Oddly enough, he is a cis, straight man. He was always a very good friend to me for a long time before we became romantic partners. By the time we became romantically interested in each other, we were already comfortable together. He’d actually already seen me with my prosthetic off, because we were sometimes in positions where I had to change it around him. 

He did clock something I didn’t: The first time we had a sexual experience with my prosthetic off was also the first time that we told each other that we love each other. We are now legally married and … navigating lockdown together. [Laughs.]

Since you’re in a relationship with that sort of intimacy, and you’ve learned that you have more control without your prosthetic on, do you take off your prosthetic more often than you keep it on during sex with him? 

It honestly depends on where I am during my day when sex starts—in terms of mundane logistics—more than anything else. If I’m waking up in the morning, for example, I’ll likely keep it off. I don’t think: We’re going to have sex soon. I’m going to take off my prosthetic. I mean, if I specifically think, I’d like to explore such-and-such position, I might consciously think to take it off. Usually, that’s not a thing I think about. If I really want to explore a position or an angle during sex when I have my prosthetic on, I also certainly feel comfortable enough with my partner that I could just kick it off at this point in the middle of the experience. 

Is there anything else about your experience of sex and disability that you’ve been thinking about as we’ve been talking? 

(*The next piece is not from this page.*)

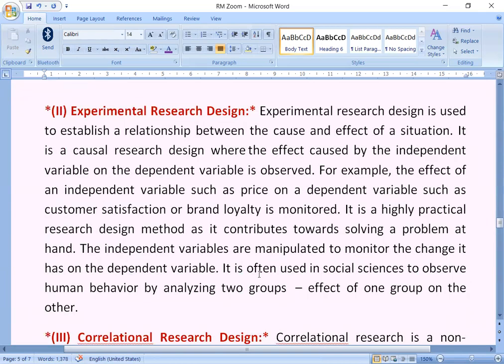The second is experimental research design: the experimental research design is used to establish a relationship between the cause and effect of a situation. It is a causal research design where the effect caused by the independent variable on the dependent variable is observed. For example, the effect of an independent variable such as price on a dependent variable such as customer satisfaction and brand loyalty is measured. It is a highly practical research design method as it contributes toward solving the problem at hand. Independent variables are manipulated to monitor the change they have on the dependent variable. It is often used in social sciences to observe human behavior.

Just that, as I become more comfortable with my intersecting identities and started taking pride in my identity as a disabled person—which has been a gradual process of reading disabled authors and getting on disability Twitter—I have increasingly recognized my right to pleasure, and to continue finding what works for me in sex. (My partner, and our intimacy, is important for me in that.) I feel sexier now than I ever have in my life, thanks to getting to explore disability pride. I’m just looking forward to getting older and finding out more about what feels good to me—to celebrating myself sexually as a human being through sex with my disabled body.